If you have been injured in a car accident, you need a skilled legal advocate on your side. At the Law Offices of Robert Dixon, our reputable Miami auto accident attorneys thoroughly understand the nuances of Florida personal injury law, including the process of obtaining evidence from the other parties in the case.
Dade Truss Co. v. Beaty
In a recent case, a Florida appeals court held that a defendant could not improperly avoid discovery based on untrue claims of privilege. In July of 2016, the plaintiffs got into a motor vehicle accident with the defendant, who was driving a tractor-trailer owned by his employer. In September 2016, the plaintiffs filed a personal injury lawsuit against the defendant, shortly after which began the process of discovery. During the process, the defendants noted a private investigator as a fact witness. The private investigator was subpoenaed for a deposition and he was requested to bring all documents relevant to his investigation of the plaintiff. When the deposition ended, the plaintiff’s lawyer stated that the private investigator would give his opinions on a future date.

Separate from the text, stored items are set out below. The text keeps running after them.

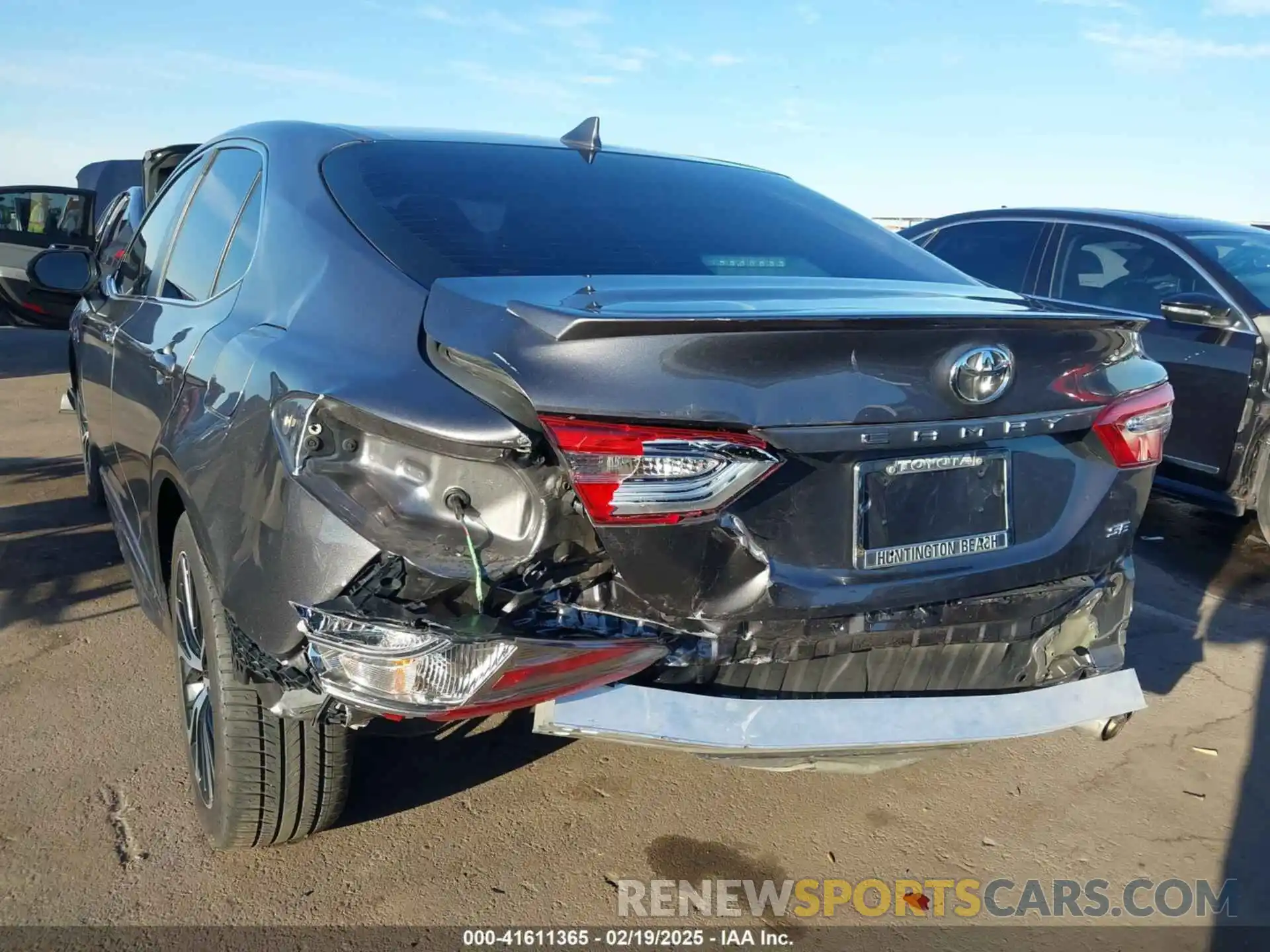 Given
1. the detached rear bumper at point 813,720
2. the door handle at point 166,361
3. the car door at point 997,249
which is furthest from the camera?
the car door at point 997,249

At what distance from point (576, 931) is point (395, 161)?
1958 millimetres

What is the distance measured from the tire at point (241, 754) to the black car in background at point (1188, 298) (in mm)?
3831

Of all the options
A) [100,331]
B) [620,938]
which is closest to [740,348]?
[620,938]

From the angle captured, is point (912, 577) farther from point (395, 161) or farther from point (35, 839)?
point (35, 839)

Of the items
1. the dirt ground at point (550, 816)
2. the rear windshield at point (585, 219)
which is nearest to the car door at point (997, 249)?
the dirt ground at point (550, 816)

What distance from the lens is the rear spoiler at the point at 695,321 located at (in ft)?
5.99

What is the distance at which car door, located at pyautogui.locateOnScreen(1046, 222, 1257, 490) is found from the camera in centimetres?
494

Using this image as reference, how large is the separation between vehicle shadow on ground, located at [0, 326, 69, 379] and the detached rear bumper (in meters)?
8.90

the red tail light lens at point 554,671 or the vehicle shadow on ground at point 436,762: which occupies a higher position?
the red tail light lens at point 554,671

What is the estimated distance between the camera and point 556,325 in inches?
71.9

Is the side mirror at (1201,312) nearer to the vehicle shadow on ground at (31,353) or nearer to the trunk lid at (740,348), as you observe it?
the trunk lid at (740,348)

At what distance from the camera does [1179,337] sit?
5.18 meters

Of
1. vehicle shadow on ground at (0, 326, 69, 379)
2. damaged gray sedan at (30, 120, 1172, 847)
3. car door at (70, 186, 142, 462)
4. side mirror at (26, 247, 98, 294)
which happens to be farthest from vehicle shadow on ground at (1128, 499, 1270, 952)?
vehicle shadow on ground at (0, 326, 69, 379)

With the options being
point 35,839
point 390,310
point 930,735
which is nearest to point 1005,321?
point 930,735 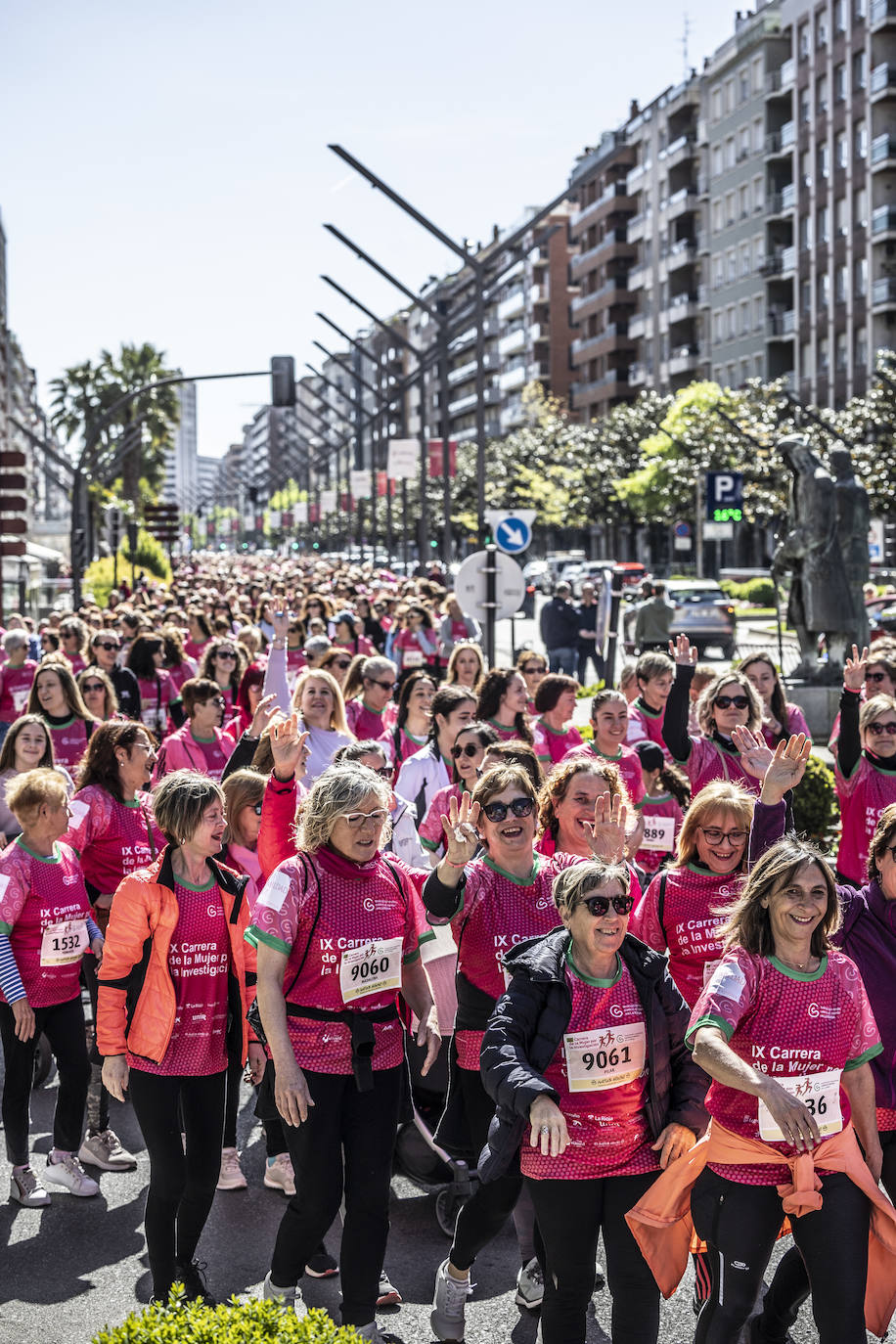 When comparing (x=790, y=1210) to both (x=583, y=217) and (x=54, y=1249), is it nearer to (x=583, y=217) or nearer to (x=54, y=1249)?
(x=54, y=1249)

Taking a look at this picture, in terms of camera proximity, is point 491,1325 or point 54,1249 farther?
point 54,1249

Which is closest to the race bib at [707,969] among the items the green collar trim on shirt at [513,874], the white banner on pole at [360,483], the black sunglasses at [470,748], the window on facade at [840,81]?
the green collar trim on shirt at [513,874]

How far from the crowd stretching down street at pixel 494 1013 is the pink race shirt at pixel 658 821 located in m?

The plaintiffs then made a request for production, which is a legal request for documents related to the case made to the opposing party. Specifically, the plaintiffs sought documents that showed the private investigator’s insights and observations. The defendants objected citing work product privilege and removing the private investigator from the witness list. The trial court overruled the defendant’s objection. In addition, defendants objected to other requests for production citing work product privilege for some and general objections to the others. However, the defendants did not file a privilege log identifying the documents they claimed to be privileged. As such, the trial court overruled the objections and ordered document production within ten days. The defendants filed a certiorari petition.